Word for word, print each line of the listing below; pictures stay out.

(Beginning of Supplied information)

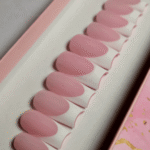 nude pink french press-on almond-shaped false nails. - Image 5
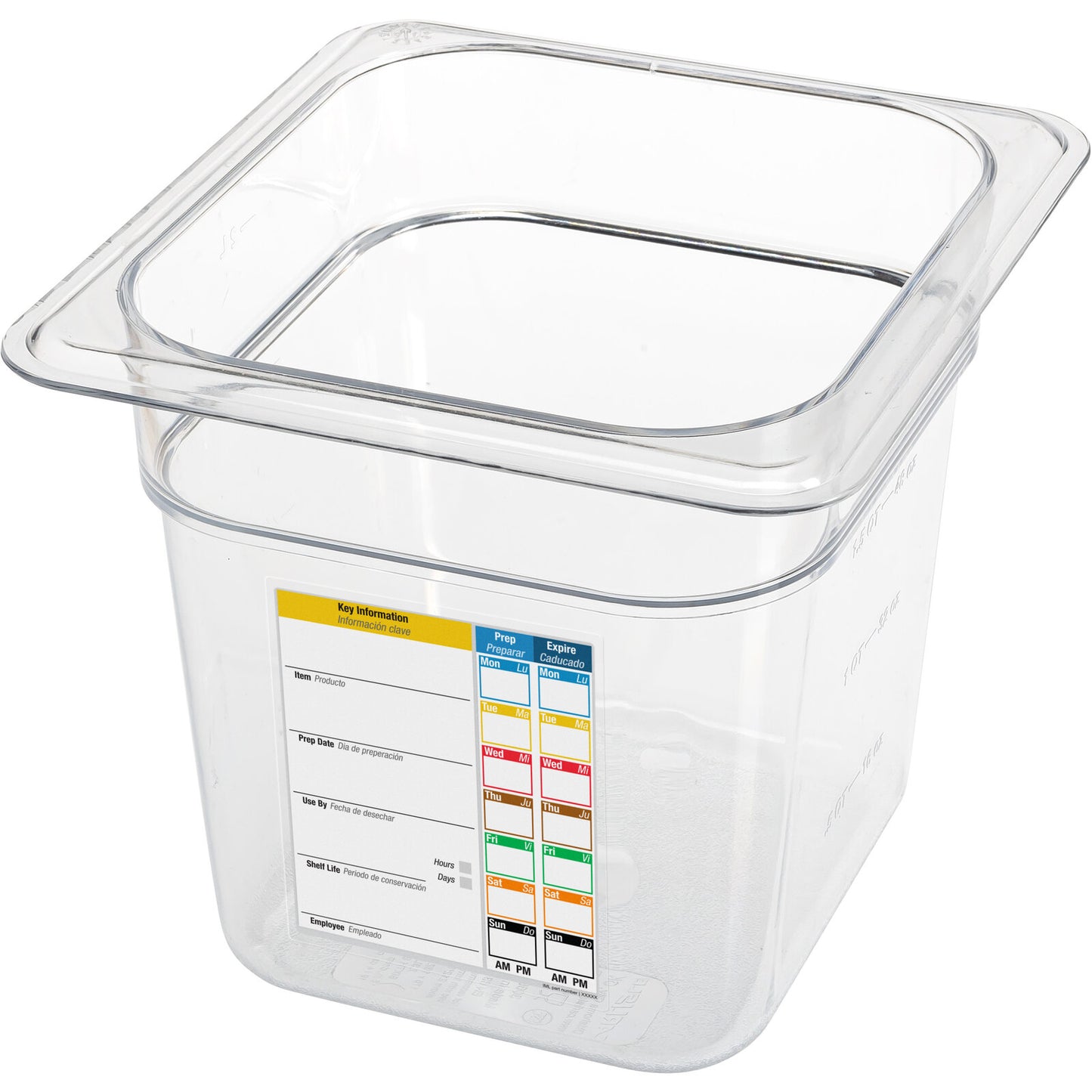 Carlisle 30685IMLUC07 1/6 Size Clear Polycarbonate StorPlus PermaLabel Food Pan with Integrated Label, 6" Deep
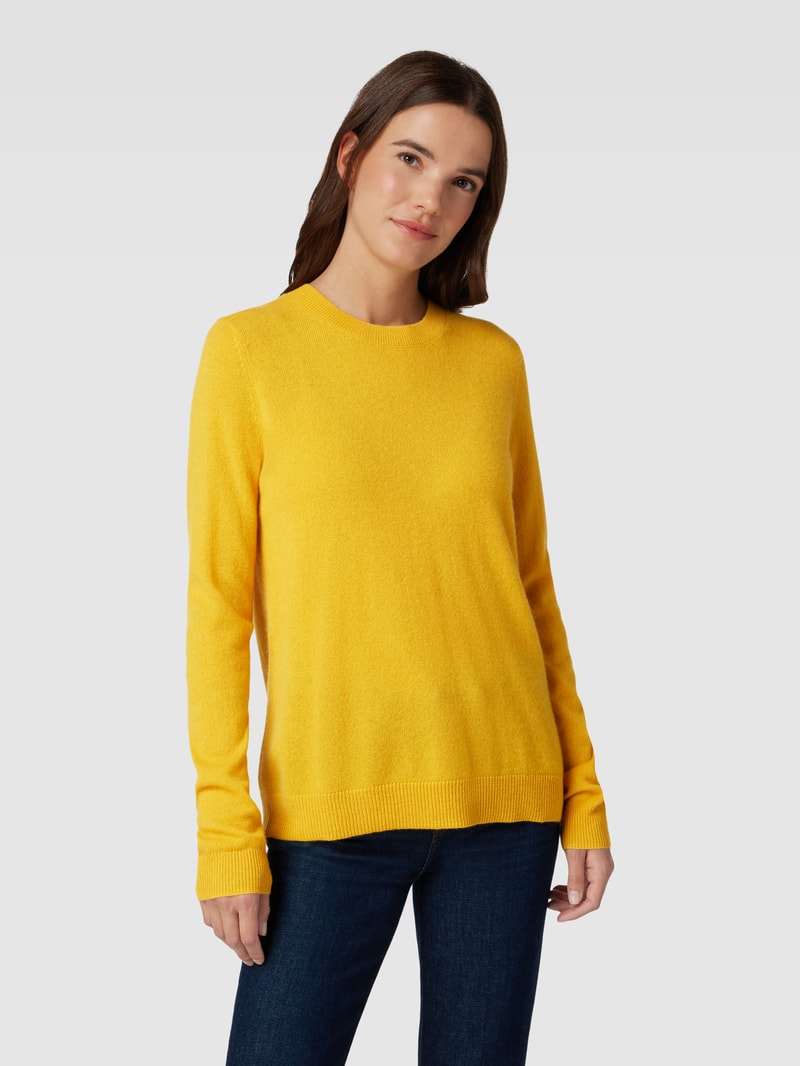 Kaschmirpullover in melierter Optik in messing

(End of Supplied information)

## The answer
 nude pink french press-on almond-shaped false nails. - Image 5
 Carlisle 30685IMLUC07 1/6 Size Clear Polycarbonate StorPlus PermaLabel Food Pan with Integrated Label, 6" Deep
 Kaschmirpullover in melierter Optik in messing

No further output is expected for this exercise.